But the Mohammedans respect no laws excepting those sanctioned by the Koran, and the officers charged with the execution of imperial decrees are generally opposed to the boons they are intended to confer on Christians. Many of the Turkish officeholders are also notorious for venality and incapacity, especially in remote provinces, beyond the immediate control of the vigilant foreign ambassadors at the capital. The Armenian rayahs have greater ethnological affinities with the Turks than the Greeks and Slavs. Many of them prosper in official positions in the capital, and as dragomans of foreign embassies, for which they are specially qualified by their adroitness in managing the pashas and their linguistic attainments. They are also clever financiers, and in that department eclipse both Greeks and Jews. But in Armenia proper their condition is made so deplorable by the Turkish officials and by the fearful ravages of the Kurds, that hundreds of Armenians have lately embraced Mohammedanism as the only alternative against these persecutions. The great Greek merchants are not rayahs, but protected foreigners. The Jews are mostly poor.

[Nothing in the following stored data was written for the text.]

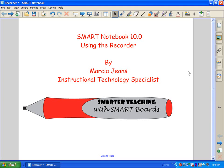Hi, this is Marcia Jeans, Instructional Technology Specialist. In this video, I'm going to show you how to use a recorder in Smart Notebook 10.0.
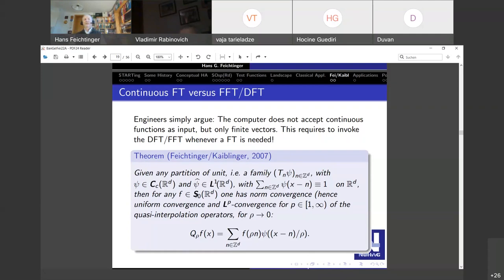For the statement to be interesting you have to think that S0 should be a big space. It is fairly big — much bigger than the Schwartz space — but it does not contain step functions or non-integrable functions. However, piecewise linear functions with nodes at integer points which are in L1 are already in S0, and piecewise interpolation on the output side keeps you in S0.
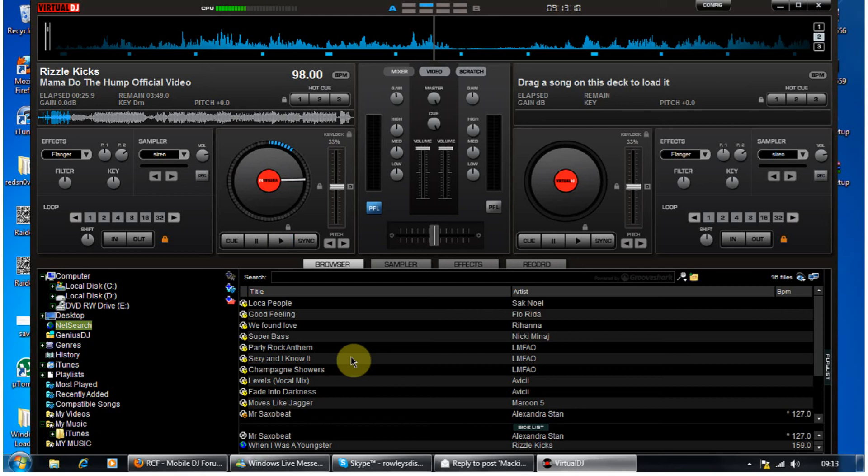Right then guys, it's Dave from Rollins Disco. Just going to show you a little cool thing about Virtual DJ that I really like. I told people about it but they told me it's not working.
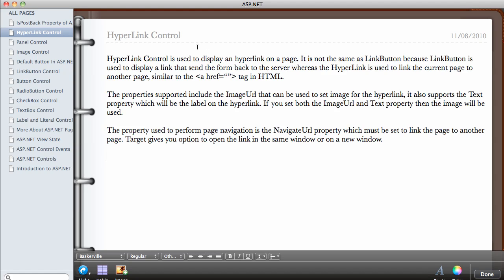In this video we're going to be looking at the hyperlink control. The hyperlink control is used to display a hyperlink on a page. It is not the same as a link button, even though it looks the same.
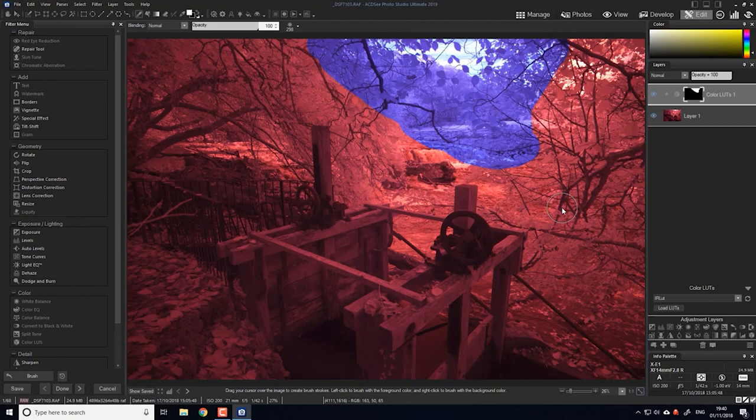So I hope you found that helpful. It's not an ideal solution because you cannot create the LUTs within ACDSee, but I'll share the LUT with anybody who wants it. Thank you for watching.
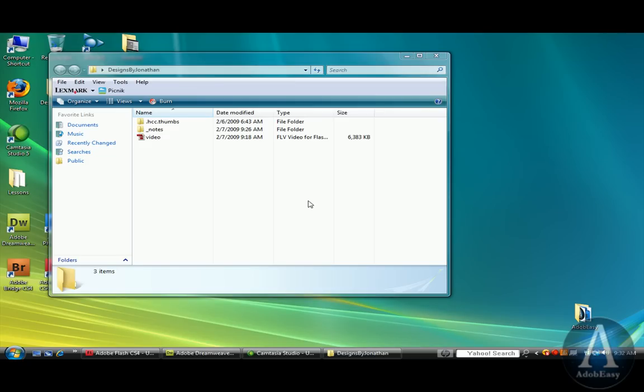What you want to do first is take your video, if it's not in FLV format, and convert it utilizing the Adobe Media Encoder. If you don't have the Adobe Media Encoder, I suggest you get it, because it's a great tool for you to convert any video format into pretty much anything you want.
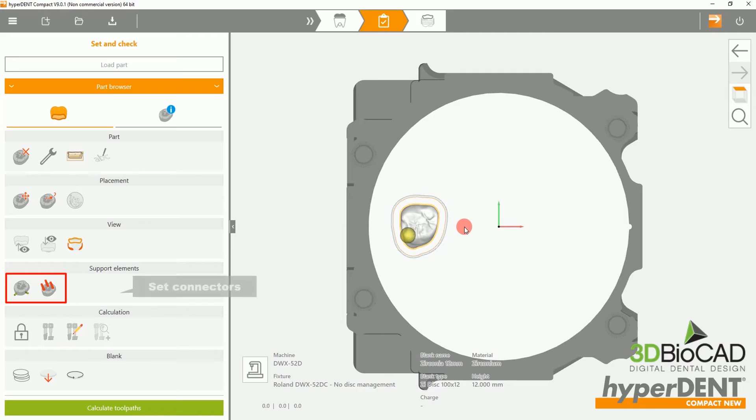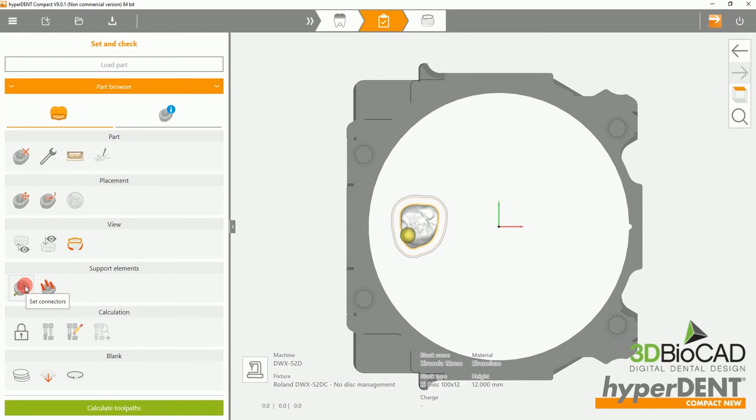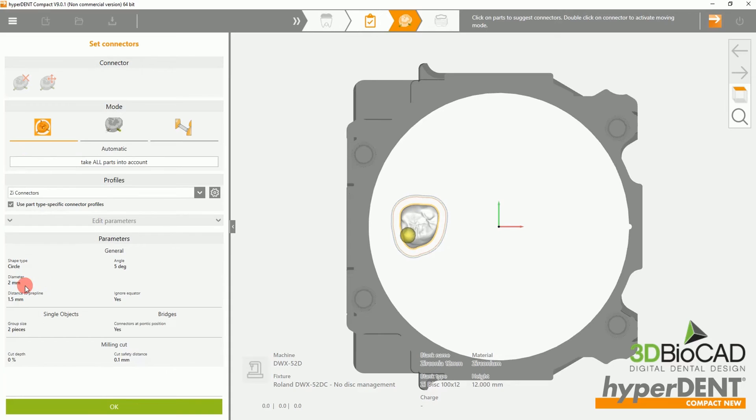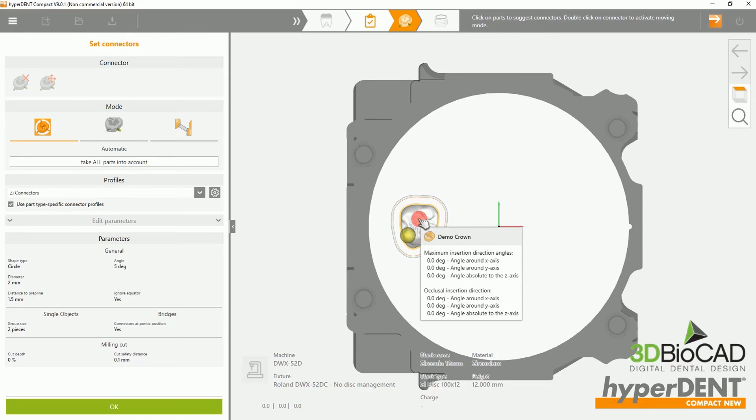Next, you will want to set connectors. Please select the connector options and click on the crown, where it will automatically set your connectors.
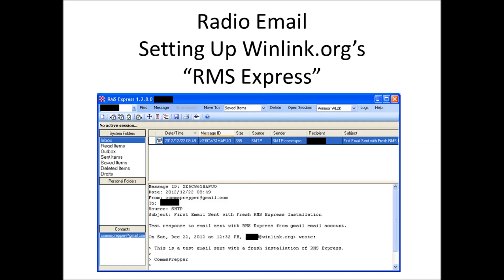For emergency preparedness, having a ham radio and talking to another ham radio operator is not the same thing as having a ham radio and being able to send an email to your grandmother or your parents someplace on the other side of the country who does not have an amateur radio. With this program, once you get your radios configured, you can use your ham radio to send messages to people who don't have ham radios or ham radio licenses because this system gives you access to the internet through your amateur radio station. As always, thank you for watching my videos and subscribing to my channel. This has been the Comms Prepper.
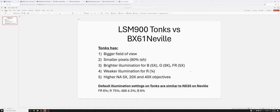It has brighter illumination for the blue, green, and far red channels by 5x, 9x, and 5x respectively. That means you could go five times brighter than the brightest you can go on the BX61 for the far red, for example. It has weaker illumination for the red channel—only about one-fourth of the power of the red illumination on Neville.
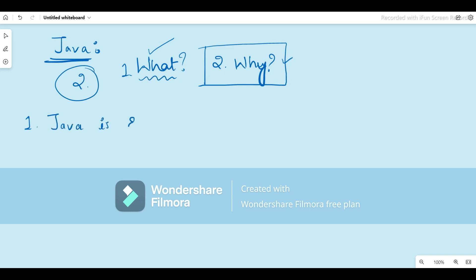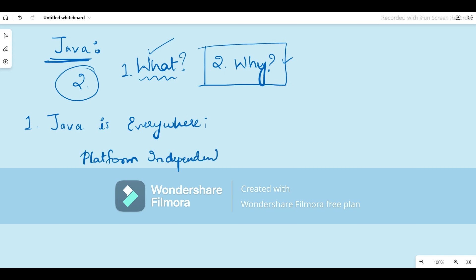Java is everywhere. This quote is derived from one of the most important features that makes Java very popular — that is the platform independent feature. Platform independence is what makes Java really very popular. But what exactly is this platform independent feature?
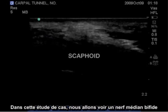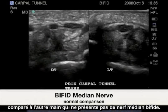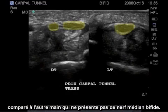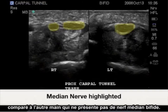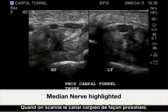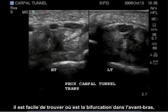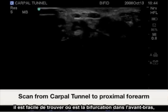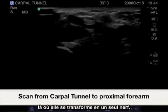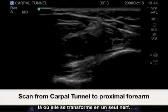Here is a case study involving a bifid median nerve with a comparison to the other hand showing no bifid median nerve. When scanning from the carpal tunnel proximally, it is easy to identify where the bifurcation takes place in the forearm, showing this becomes one nerve.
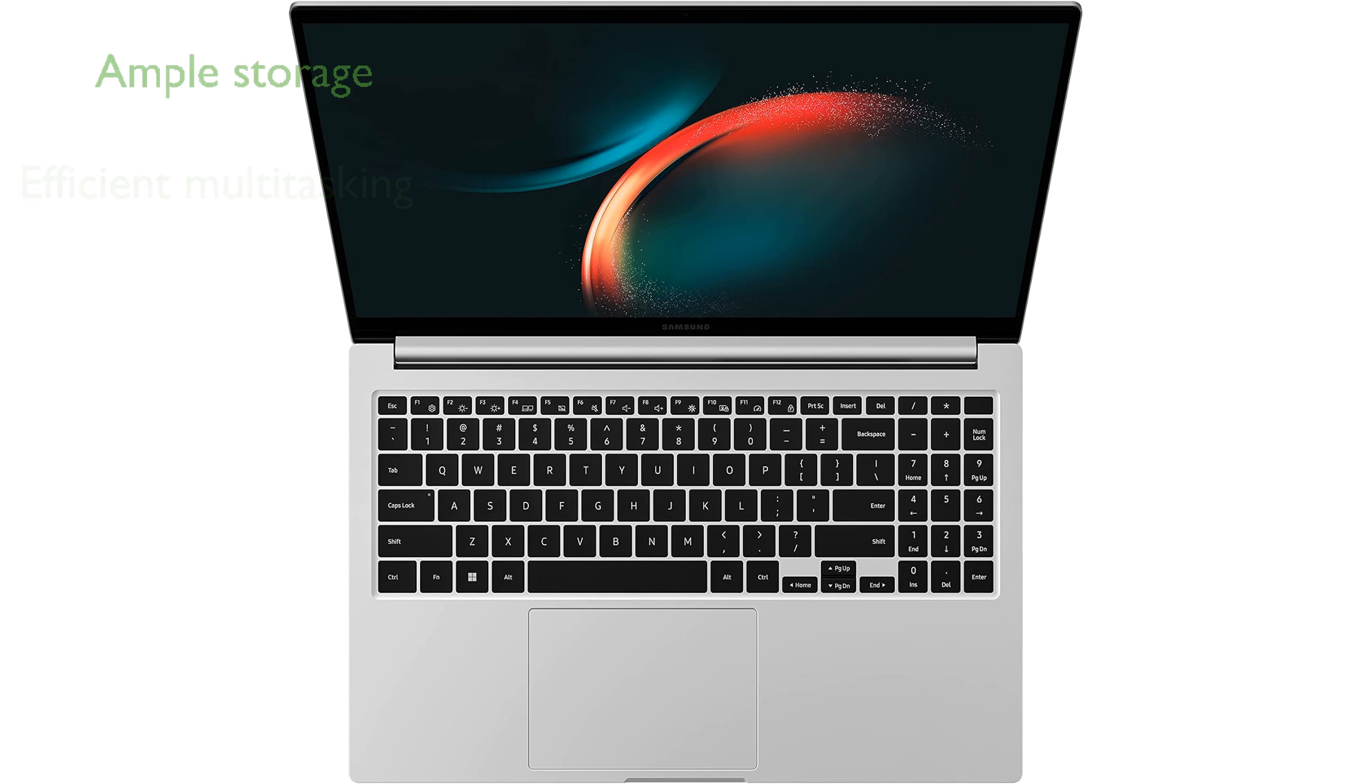The 512GB solid-state drive provides ample storage for important documents, media, and applications.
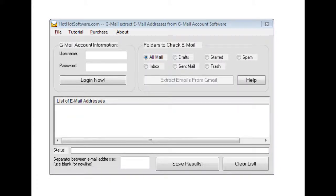Good morning. Welcome to the HotHotSoftware.com Gmail extract email addresses from your Gmail account software. This is a really cool application.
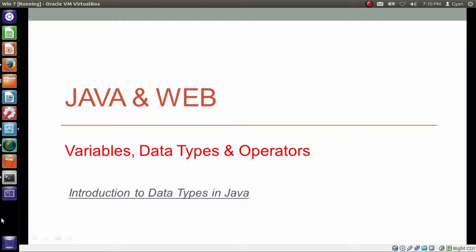Hello everyone. I am Gyan and you are watching the second session of Java and Web: Variables, Data Types and Operators. In this video, I will give you an introduction to the data types in Java.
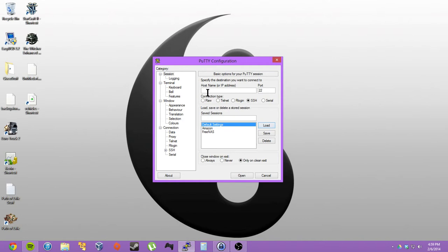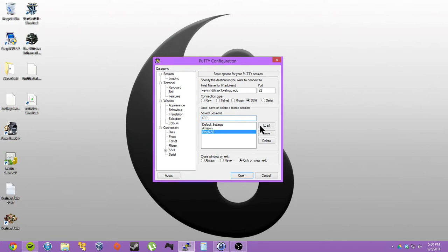In the host name, I'm going to use my college's server. So I'll do my username. And in the saved sessions I'll write the name, and I can click save.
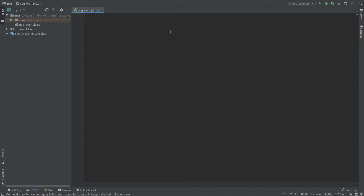Hello everyone, today we are continuing learning Python and I'll show you how to use the Facade design pattern in Python. So let's start.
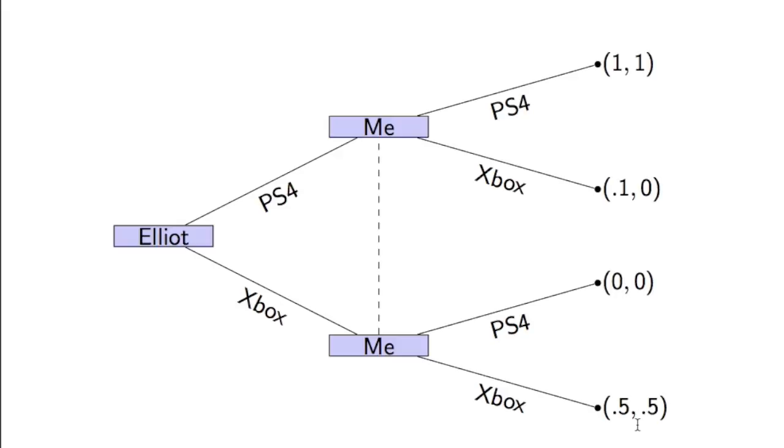Where things get slightly complicated though, is that these two nodes, in reality, would not necessarily be any different to each other. So if Elliot went off to buy his video games console, and I went off to buy my video games console at the same time, and we didn't actually communicate, how would I know what he has bought?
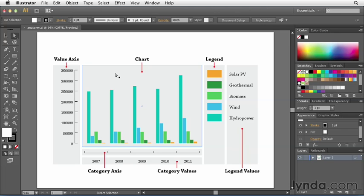If you remember back in the previous movie, when I clicked once with my cursor on the artboard using the graph tool, a dialog box appeared asking me for the width and the height values. What exactly do those numbers represent?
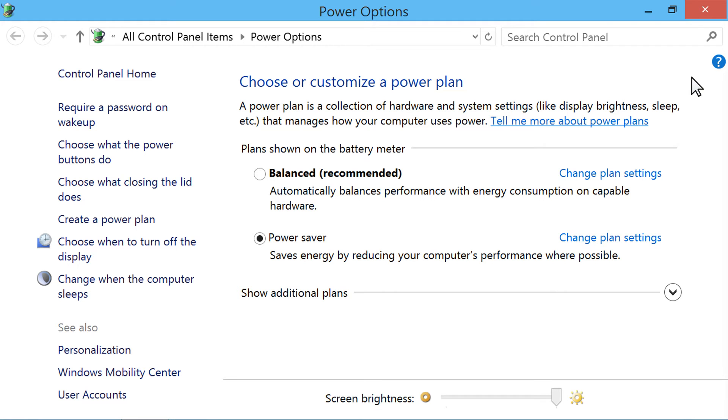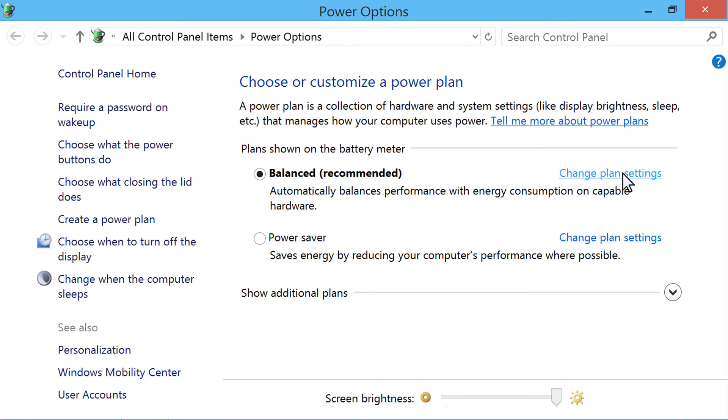In the Power Options window, select one of the Power Plan options: Power Saver, Balanced, or High Performance. Then click Change Plan Settings.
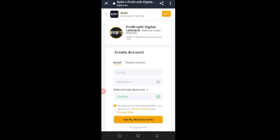This is a step-by-step guide on how to get started with Bybit. The first thing you need is a Bybit account. You can use the link provided in my Telegram channel or below this video description to sign up. Once you click on that link, it brings you to this page.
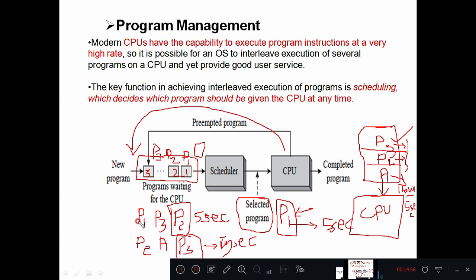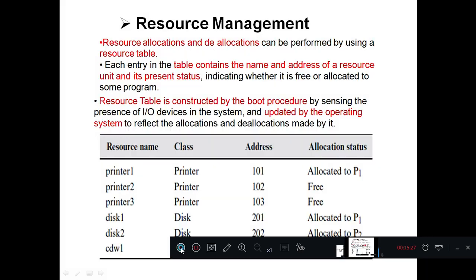In this manner, the scheduler or operating system manages the different programs in a computer system. I hope you understood the first operation of the operating system — program management — in more detail.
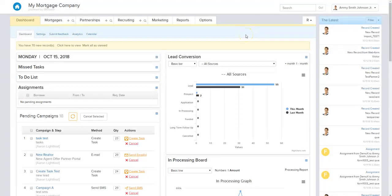Hey there, everyone. Aiden from Be In Touch here, and today we're going to be walking through our brand new e-signature tool that's integrated with Be In Touch, integrated with your CRM. We're going to go over a few things today. I'll show you how you can use the tool, how you can upload documents, how they're going to look when they're sent to a borrower, how easy it is to do, and what the borrower process is once the document has been sent.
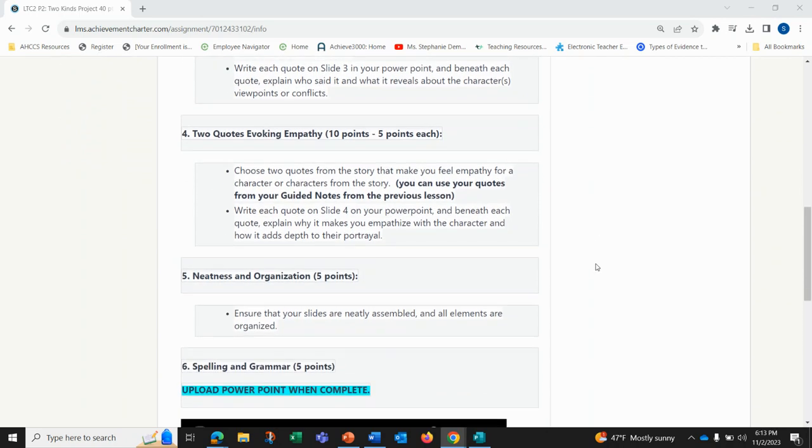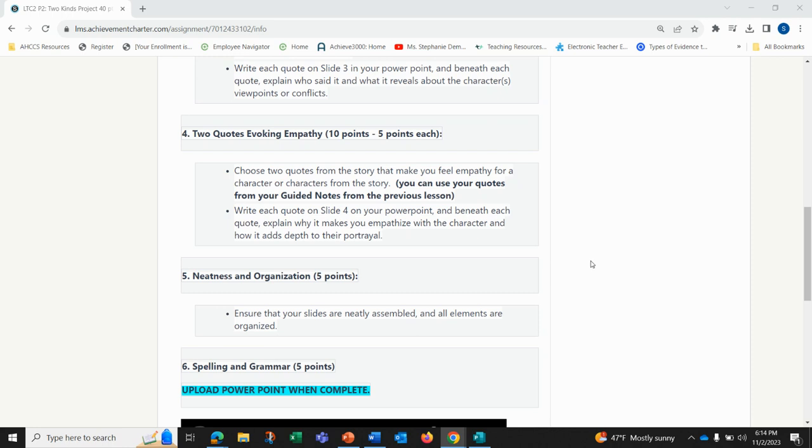The last thing you're doing is two quotes that evoke empathy. This means two quotes from the story that make you feel empathy for a character or characters from the story. Hint: you can use your quotes from your guided notes from the previous lesson. Write each quote on slide four on your PowerPoint and beneath each quote explain why it makes you empathize with the character and how it adds depth to their portrayal.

They are descendants of refugees from Spanish persecution, retain a Spanish dialect, and are obliged to wear a distinctive costume, excepting a few whose wealth secures them special privileges. They are despised by the Turks and periodically persecuted by the Greeks. The Turks fully respect only foreigners invested with official rank or with powerful protection. In the absence of such prestige, the slightest provocation is apt to reveal their innate prejudices against the giaour, though, when not under the influence of fanatical or criminal passion, they are remarkable for their dignity and courtesy, and for honesty in their private relations. - The Turkish government, or Sublime Porte, is an absolute monarchy, the rule of which is vested in a sultan (officially called padishah, supreme ruler) of the dynasty of Othman. The sultan is allowed to govern in the most arbitrary manner, except in matters of religion and law, which require the concurrence of the sheikh ul-Islam (grand mufti). The succession to the throne has from the first been vested in the oldest surviving male member of the ruling family.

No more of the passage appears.